The presidential election of the apex Christian body holds on June 15 in Abuja with over 109 NEC members expected to choose the next president of the body.
The two candidates are Professor Joseph Otubu of the Organisation of African Instituted Churches (OAIC) and Rev Supo Ayokunle of the Christian Council of Nigeria (CCN).
Ayokunle is current vice president of the body accused of bias in the 2015 general election.
It was learnt that NEC members have decided it is better to give CAN a fresh beginning with someone that is not part of the current administration at the helms of affairs.
This thinking, according to findings, is to regain the lost credibility of the body before the watching public.
Ayokunle, who won the shadow electoral college votes 8-2, according to NEC members would still be perceived as an extension of the current administration.
A NEC member, who spoke in confidence last night, said: “If Ayokunle emerges, it will appear we endorse everything the current administration did.
“We have to give the body a fresh face to convince many skeptics that we are serious with house-cleaning.”
Besides, it was learnt that NEC members are disposed to giving OAIC the opportunity to lead the organisation for the first time to dispel the notion that CAN belongs only to Orthodox, established churches.
The CCN bloc led the body through Dr SundayMbang of Methodist Church and Archbishop Peter Akinola of the Anglican Communion.
The Catholic Secretariat also led CAN through Olubunmi Cardinal Okogie and Cardinal John Onaiyekan.
Only the OAIC and ECWA\TEKAN blocs have not produced a leader for the 40-year-old organisation.
Another NEC member said last night: “Equity and fairness are Christian qualities.
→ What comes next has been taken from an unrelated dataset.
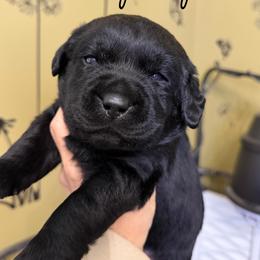 Orange - Black male Labrador Retriever puppy in Manheim, Pennsylvania from Monarch Labradors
We have to prove these at the forthcoming election by allowing those who have never been there to have a sense of belonging too.
“CAN belongs to all churches and denominations. A situation where some consider themselves as the power brokers and decision makers will polarise us.”
It was further alleged that Ayokunle reneged on an internal arrangement to continue as vice president to give room for a consensus candidate.
A consensus candidate, some NEC members said, will avoid the rancour and ill-feeling of elections as well as convince others of Christian unity.
The President of the Nigerian Baptist Convention (NBC), reportedly told the current leadership he was willing to continue his role as vice president but turned around to start campaigning less than 24 hours later.
It was learnt that he, in fact, called Otubu to offer his support, promising to work hand-in-hand to move the apex Christian body forward.
The U-turn not only shocked the CAN leadership but also frustrated the plan to have a consensus candidate to avoid post-election rancour and ill-feeling.
These moves, it was learnt, infuriated NEC members who consider Ayokunle as desperate for election.